Rarely, pulmonary decompression sickness can occur in aviators who fly high-performance aircraft. Pilots, especially military pilots, who present with symptoms of pulmonary DCS after altitude exposure should be carefully evaluated.
Since decompression sickness is a clinical diagnosis and there are no radiological or laboratory studies that are diagnostic, it is important that a practitioner obtains as thorough a dive history as possible. This should include all dives in the dive series leading up to the event. The diver's computer, if available and the data can be accessed, is a valuable source of information. A health history, medical examination, and neurological examination should be completed. As noted previously, the provider should be alert for other symptoms of DCS.

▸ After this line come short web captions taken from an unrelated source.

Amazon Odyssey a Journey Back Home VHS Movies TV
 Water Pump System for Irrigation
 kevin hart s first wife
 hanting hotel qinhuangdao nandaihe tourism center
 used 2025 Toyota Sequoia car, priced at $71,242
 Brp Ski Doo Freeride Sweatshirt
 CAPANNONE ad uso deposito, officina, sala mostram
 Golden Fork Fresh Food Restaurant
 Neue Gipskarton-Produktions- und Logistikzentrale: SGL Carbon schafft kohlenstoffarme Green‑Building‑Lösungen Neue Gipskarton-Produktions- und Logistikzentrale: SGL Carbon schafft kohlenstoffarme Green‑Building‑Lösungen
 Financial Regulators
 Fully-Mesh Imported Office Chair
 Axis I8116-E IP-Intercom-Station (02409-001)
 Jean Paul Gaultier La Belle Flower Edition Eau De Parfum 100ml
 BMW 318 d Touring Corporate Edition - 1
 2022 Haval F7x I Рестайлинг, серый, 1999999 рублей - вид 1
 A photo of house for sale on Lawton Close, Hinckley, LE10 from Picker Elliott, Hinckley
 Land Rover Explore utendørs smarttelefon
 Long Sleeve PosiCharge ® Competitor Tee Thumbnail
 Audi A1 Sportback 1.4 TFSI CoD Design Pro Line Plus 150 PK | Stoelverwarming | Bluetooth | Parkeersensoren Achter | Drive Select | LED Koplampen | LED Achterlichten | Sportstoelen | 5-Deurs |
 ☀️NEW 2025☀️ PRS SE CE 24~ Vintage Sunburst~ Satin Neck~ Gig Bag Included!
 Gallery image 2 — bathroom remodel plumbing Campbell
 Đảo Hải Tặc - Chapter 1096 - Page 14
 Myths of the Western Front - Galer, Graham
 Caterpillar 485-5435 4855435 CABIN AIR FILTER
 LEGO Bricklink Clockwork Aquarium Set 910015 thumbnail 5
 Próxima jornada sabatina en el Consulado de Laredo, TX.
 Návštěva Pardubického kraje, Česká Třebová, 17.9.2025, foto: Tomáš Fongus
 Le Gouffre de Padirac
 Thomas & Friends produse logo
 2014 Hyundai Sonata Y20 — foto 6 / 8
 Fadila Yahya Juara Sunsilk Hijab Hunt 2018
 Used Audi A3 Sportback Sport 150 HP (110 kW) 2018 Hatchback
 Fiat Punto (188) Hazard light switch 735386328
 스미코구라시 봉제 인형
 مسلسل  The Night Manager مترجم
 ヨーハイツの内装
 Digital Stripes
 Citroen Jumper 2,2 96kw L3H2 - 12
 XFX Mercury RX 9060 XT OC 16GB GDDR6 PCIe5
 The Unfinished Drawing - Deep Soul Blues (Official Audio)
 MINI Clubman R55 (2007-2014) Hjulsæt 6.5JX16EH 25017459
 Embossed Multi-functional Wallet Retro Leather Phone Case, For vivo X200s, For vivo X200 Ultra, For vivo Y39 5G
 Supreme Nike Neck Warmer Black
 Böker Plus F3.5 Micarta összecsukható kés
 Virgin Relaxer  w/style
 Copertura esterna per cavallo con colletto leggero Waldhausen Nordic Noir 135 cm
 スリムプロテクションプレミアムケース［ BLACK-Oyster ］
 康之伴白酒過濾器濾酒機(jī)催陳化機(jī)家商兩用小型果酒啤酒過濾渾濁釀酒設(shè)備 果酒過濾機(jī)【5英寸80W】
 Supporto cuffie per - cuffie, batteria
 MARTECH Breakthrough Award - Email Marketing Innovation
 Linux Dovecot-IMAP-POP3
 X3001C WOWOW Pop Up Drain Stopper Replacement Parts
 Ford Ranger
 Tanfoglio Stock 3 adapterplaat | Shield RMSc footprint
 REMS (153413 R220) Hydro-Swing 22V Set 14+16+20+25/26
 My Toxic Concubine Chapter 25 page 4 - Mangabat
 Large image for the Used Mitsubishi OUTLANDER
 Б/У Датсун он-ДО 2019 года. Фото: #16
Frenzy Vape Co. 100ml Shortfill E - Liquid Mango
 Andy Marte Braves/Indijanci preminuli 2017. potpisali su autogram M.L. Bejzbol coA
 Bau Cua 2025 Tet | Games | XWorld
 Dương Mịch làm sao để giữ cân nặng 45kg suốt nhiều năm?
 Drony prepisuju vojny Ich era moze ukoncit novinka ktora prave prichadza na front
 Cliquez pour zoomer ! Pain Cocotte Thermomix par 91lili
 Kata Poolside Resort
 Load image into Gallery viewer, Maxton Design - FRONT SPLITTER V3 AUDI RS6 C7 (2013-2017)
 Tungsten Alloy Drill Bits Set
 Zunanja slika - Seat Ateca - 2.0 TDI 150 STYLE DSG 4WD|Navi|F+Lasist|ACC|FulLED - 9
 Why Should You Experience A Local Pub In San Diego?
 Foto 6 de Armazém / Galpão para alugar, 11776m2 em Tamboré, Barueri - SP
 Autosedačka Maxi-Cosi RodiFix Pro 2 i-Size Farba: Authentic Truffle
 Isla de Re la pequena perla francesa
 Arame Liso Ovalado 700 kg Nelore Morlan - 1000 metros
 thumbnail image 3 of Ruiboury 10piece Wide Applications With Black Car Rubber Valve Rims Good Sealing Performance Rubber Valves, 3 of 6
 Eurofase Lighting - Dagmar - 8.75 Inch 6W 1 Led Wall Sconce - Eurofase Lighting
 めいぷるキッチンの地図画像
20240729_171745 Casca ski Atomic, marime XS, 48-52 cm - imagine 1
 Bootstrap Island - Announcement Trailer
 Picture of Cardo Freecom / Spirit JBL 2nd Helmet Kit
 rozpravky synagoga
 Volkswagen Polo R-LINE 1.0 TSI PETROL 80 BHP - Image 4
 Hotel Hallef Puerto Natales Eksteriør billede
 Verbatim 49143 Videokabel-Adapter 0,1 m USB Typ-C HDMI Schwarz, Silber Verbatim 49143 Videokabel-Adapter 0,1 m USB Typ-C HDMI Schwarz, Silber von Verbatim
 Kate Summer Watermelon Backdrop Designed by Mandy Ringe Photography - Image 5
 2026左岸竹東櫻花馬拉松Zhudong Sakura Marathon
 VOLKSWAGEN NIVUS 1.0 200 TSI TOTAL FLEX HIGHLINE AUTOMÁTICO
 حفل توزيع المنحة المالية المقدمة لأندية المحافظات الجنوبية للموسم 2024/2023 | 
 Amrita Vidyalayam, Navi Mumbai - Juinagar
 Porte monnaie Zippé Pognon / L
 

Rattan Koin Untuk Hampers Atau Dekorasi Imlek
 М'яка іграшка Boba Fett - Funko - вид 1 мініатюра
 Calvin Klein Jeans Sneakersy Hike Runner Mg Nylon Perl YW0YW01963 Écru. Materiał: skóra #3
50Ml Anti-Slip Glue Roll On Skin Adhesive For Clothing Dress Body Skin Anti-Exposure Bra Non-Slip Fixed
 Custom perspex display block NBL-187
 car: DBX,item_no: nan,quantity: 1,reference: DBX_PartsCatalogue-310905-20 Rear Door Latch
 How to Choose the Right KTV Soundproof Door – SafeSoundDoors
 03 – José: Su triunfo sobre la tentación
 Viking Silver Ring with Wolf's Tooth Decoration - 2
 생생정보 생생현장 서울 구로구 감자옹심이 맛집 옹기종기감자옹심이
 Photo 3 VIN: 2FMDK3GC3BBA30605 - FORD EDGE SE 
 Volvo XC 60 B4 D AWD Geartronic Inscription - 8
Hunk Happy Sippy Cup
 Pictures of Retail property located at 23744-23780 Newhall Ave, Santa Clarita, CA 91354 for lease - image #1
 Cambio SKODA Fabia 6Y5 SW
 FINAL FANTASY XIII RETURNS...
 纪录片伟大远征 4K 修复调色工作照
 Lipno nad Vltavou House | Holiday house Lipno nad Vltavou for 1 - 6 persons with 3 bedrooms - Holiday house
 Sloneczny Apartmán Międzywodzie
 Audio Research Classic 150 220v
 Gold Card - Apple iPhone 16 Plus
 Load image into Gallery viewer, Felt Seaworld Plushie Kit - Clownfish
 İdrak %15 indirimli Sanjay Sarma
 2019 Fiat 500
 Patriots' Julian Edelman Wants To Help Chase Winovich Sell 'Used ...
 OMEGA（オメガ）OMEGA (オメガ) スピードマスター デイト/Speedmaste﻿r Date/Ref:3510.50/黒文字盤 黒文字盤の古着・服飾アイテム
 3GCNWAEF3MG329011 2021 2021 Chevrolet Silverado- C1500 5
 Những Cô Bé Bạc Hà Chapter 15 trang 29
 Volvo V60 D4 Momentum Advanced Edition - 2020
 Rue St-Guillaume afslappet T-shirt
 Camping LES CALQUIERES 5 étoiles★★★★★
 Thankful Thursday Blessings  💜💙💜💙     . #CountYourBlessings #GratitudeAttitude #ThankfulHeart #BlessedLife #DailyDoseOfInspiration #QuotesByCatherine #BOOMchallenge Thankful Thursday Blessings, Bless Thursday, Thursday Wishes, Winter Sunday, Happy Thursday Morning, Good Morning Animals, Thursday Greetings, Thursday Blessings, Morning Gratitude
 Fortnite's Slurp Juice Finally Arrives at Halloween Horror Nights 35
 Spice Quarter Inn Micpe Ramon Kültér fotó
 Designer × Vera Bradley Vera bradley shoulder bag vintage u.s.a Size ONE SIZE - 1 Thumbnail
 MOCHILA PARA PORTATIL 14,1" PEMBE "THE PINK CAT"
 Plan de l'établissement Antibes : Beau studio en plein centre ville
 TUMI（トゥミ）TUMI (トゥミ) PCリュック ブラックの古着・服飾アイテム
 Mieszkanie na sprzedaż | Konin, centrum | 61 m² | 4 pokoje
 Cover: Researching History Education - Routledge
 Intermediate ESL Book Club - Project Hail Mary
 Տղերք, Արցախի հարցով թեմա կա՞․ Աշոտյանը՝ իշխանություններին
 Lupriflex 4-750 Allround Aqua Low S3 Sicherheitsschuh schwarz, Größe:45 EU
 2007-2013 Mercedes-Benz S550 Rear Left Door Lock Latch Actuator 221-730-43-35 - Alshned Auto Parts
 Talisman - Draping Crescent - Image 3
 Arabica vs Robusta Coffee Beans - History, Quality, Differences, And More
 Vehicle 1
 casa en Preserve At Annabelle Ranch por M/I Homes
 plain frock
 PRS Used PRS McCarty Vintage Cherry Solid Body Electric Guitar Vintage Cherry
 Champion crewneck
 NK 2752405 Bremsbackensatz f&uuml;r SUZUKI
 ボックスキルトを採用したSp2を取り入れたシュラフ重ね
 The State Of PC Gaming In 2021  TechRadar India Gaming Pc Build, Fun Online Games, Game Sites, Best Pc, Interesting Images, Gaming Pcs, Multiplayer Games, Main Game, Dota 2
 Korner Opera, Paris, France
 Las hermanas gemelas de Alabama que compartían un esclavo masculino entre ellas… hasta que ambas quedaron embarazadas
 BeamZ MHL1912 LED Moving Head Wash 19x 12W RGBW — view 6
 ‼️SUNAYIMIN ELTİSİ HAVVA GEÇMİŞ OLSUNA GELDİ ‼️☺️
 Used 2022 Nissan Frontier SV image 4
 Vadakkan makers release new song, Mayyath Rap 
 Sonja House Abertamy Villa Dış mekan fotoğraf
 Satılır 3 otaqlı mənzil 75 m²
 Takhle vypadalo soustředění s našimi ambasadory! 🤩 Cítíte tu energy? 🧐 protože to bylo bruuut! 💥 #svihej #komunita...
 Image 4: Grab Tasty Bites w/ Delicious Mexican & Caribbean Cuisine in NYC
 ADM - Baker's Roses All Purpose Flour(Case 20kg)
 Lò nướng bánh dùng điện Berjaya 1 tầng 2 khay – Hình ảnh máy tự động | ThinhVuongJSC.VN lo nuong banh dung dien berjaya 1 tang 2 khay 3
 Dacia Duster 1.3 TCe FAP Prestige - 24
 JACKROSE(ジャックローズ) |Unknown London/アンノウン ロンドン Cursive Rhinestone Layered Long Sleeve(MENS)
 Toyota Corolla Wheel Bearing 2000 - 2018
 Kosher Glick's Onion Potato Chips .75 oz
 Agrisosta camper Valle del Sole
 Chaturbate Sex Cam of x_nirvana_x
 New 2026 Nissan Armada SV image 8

Differential diagnosis includes pulmonary edema (immersion or other etiology), water aspiration, breathing gas contamination, pulmonary oxygen toxicity (unlikely in most dive settings), and alkaline aspiration secondary to water intrusion in the breathing loop of a closed or semiclosed-circuit rebreather.
Pre-hospital treatment of pulmonary DCS consists of administration of high-flow oxygen at the maximum possible percentage, support of respiration and circulation, and immediate evacuation to a facility with a hyperbaric chamber and staff that are capable of treating critically ill divers.
The definitive treatment for pulmonary DCS is immediate recompression in a hyperbaric chamber and administration of an established hyperbaric oxygen treatment protocol, such as the U.S. Navy's treatment algorithm found in the U.S. Navy Diving Manual. A diver who presents with pulmonary DCS may also have other DCS symptoms and should be examined as thoroughly as his/her condition allows. Practitioners, who are mindful that a diver with even mild pulmonary symptoms could decompensate quickly, may elect to conduct the examination in the chamber once the diver is at treatment pressure. Treating practitioners should be prepared to perform intubation and mechanical ventilation, invasive hemodynamic monitoring, and pharmacological support of blood pressure.